Labour leader Sir Keir Starmer and actor Idris Elba spoke to the families of knife crime victims, as Sir Keir pledged to ban the online sale of zombie knives “straight away” if he becomes prime minister.

Labour has announced a five-step plan to tackle the issue, including guaranteed sanctions for young people carrying knives, and Sir Keir has pledged to chair an annual summit to track progress towards his goal of halving knife crime within a decade.

Pastor Lorraine Jones told Sir Keir, and actor and anti-knife crime campaigner Elba, at a meeting in Hammersmith, west London, that she saw her son, Dwayne Simpson, killed with “one jab wound” that “went straight through his heart”.

She said she had continued to live in Brixton, south London, since her son was killed ten years ago, because it is “like a battlefield I can’t retreat from”.

She said: “We want to be around the table with you, because we do have the answers right now. We’ve got patrols, Idris, volunteers that are patrolling before school and after school, because we haven’t got enough police officers.

“We haven’t got enough people in the community, we are desperate.

“And the most brutal thing is we’re saying it’s becoming the norm.

“We don’t want it to become the norm.

“It’s not normal for us to be burying our children, or five-year-olds seeing dead bodies and shrines in our neighbourhood.”

Pooja Kanda, whose son Ronan was stabbed to death in Wolverhampton, West Midlands, in 2022, as he walked home from a friend’s house, said that if a ban on zombie knives had been introduced after Dwayne’s death, it could have saved her son.
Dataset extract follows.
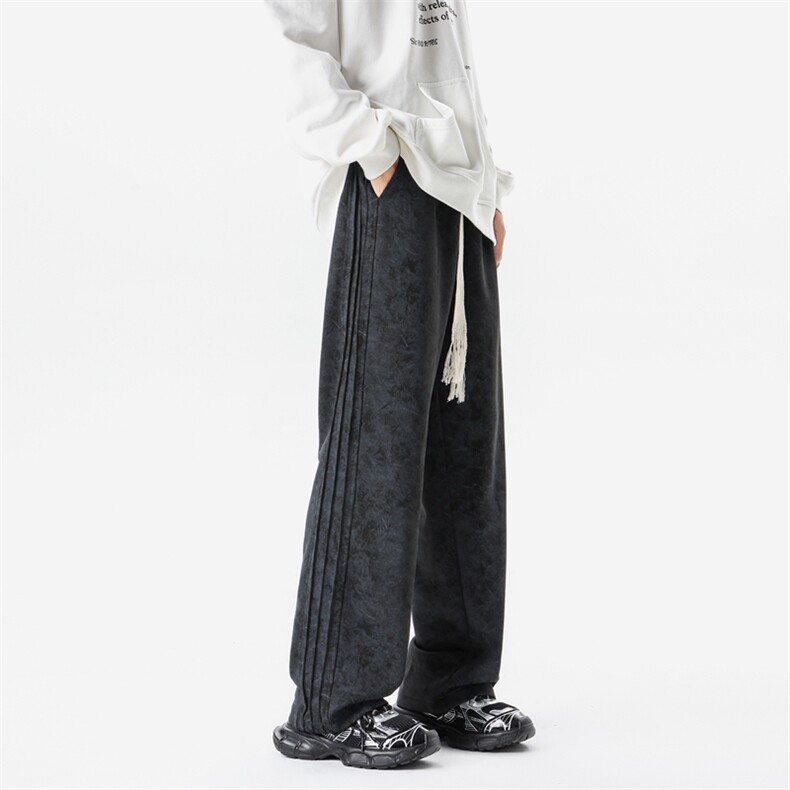 8XL-M大码扎染脏脏卫裤运动裤侧边褶皱休闲长裤直筒裤子KZ1928P58,男装休闲裤,电商B238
Idris Elba and Sir Keir Starmer walking together in front of a staircase
Idris Elba and Sir Keir Starmer arrive for a meeting with families in Hammersmith, west London (Stefan Rousseau/PA)

“If there was a ban two years ago my son would be living,” Ms Kanda said.

Elba said young people had suggested solutions in his conversations with them.

He said: “I’ve had conversations which are difficult, like ‘Idris, you’re telling people to put away our knives, but what am I going to hold?’.

“And I feel like I don’t know what to say to them, because they’re literally holding these out of fear. But they have solutions.”

Some say tougher sentences would be a deterrent, while others say there are too many loopholes when it comes to obtaining knives, he added.

“They know all the loopholes, so let’s just use your creative minds and go, OK, let’s find ways to help. You know, use your creative minds to help us, help this whole-society issue.”

Elba said in an Instagram video later that it was a “very important” meeting families of victims and campaign organisations to discuss “what we need to do as a country to fight this”.

He said it was a non-political issue.

Sir Keir said it was “difficult to hear” stories from the knife crime campaigners.

He added: “And it should be difficult to hear, and it’s very important that it is heard from beginning to end.”